_Source information_.
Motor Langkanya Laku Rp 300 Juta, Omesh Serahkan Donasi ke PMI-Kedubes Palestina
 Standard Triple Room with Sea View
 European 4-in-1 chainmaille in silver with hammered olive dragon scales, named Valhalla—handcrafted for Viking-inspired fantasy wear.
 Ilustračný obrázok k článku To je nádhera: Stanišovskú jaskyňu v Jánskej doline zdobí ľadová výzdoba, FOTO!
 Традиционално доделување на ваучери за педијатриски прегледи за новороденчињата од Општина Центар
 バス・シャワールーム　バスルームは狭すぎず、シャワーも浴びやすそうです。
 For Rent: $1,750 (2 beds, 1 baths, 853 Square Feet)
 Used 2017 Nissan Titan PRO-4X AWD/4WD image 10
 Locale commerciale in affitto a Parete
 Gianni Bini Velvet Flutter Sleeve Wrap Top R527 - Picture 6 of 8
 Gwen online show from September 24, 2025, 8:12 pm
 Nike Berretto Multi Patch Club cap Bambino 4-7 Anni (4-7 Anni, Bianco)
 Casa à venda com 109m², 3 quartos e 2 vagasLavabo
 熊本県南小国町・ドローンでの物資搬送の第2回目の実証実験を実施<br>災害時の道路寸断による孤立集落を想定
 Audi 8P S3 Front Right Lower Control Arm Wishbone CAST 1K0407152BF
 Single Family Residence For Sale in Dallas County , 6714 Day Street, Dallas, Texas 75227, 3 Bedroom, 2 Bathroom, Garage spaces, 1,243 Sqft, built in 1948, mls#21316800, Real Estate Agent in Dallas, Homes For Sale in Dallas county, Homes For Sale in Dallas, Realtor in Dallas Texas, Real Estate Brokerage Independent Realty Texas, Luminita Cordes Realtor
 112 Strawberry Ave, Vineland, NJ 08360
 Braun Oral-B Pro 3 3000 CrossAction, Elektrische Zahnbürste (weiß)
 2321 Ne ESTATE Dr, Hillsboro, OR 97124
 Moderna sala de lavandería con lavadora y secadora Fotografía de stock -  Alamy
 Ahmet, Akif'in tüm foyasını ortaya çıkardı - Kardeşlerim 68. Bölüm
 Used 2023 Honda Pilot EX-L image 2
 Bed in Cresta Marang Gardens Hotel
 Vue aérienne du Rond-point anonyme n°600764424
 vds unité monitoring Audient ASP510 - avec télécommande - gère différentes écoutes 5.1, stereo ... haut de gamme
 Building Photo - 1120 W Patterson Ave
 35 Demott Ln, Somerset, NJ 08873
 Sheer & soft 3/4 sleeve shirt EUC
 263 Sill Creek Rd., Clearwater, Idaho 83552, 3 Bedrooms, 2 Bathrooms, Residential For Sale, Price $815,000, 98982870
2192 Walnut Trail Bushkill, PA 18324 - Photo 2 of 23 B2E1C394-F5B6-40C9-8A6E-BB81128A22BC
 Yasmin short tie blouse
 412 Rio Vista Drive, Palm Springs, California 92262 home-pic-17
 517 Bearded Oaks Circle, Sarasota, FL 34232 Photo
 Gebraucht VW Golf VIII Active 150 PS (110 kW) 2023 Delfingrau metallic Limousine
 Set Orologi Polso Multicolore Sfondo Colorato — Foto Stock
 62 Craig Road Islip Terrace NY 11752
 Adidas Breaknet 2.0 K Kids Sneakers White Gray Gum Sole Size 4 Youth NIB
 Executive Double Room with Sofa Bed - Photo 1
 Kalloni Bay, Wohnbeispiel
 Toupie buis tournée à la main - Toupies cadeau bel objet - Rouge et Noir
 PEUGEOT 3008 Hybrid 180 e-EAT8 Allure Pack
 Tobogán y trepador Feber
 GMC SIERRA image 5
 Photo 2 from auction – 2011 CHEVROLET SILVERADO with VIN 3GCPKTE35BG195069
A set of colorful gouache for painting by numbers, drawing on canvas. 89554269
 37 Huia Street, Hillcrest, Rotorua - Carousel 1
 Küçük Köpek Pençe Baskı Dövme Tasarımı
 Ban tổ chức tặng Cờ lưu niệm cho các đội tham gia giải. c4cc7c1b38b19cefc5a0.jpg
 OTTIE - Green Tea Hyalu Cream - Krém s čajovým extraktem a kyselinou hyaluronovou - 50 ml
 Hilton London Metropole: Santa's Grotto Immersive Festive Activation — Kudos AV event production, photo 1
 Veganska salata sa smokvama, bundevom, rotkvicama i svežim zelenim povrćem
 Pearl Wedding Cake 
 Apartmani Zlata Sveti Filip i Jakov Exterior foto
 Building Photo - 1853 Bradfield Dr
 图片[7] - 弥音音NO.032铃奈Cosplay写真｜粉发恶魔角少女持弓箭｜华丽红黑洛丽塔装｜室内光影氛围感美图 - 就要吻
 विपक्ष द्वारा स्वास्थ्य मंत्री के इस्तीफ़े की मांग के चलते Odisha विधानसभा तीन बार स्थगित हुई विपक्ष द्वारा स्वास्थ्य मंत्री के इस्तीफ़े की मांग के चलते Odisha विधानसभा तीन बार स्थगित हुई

_Required work_.
Quote the listing above, but only from the line that shows "Kalloni Bay, Wohnbeispiel" through the line that shows "图片[7] - 弥音音NO.032铃奈Cosplay写真｜粉发恶魔角少女持弓箭｜华丽红黑洛丽塔装｜室内光影氛围感美图".

_Written response_.
 Kalloni Bay, Wohnbeispiel
 Toupie buis tournée à la main - Toupies cadeau bel objet - Rouge et Noir
 PEUGEOT 3008 Hybrid 180 e-EAT8 Allure Pack
 Tobogán y trepador Feber
 GMC SIERRA image 5
 Photo 2 from auction – 2011 CHEVROLET SILVERADO with VIN 3GCPKTE35BG195069
A set of colorful gouache for painting by numbers, drawing on canvas. 89554269
 37 Huia Street, Hillcrest, Rotorua - Carousel 1
 Küçük Köpek Pençe Baskı Dövme Tasarımı
 Ban tổ chức tặng Cờ lưu niệm cho các đội tham gia giải. c4cc7c1b38b19cefc5a0.jpg
 OTTIE - Green Tea Hyalu Cream - Krém s čajovým extraktem a kyselinou hyaluronovou - 50 ml
 Hilton London Metropole: Santa's Grotto Immersive Festive Activation — Kudos AV event production, photo 1
 Veganska salata sa smokvama, bundevom, rotkvicama i svežim zelenim povrćem
 Pearl Wedding Cake 
 Apartmani Zlata Sveti Filip i Jakov Exterior foto
 Building Photo - 1853 Bradfield Dr
 图片[7] - 弥音音NO.032铃奈Cosplay写真｜粉发恶魔角少女持弓箭｜华丽红黑洛丽塔装｜室内光影氛围感美图 - 就要吻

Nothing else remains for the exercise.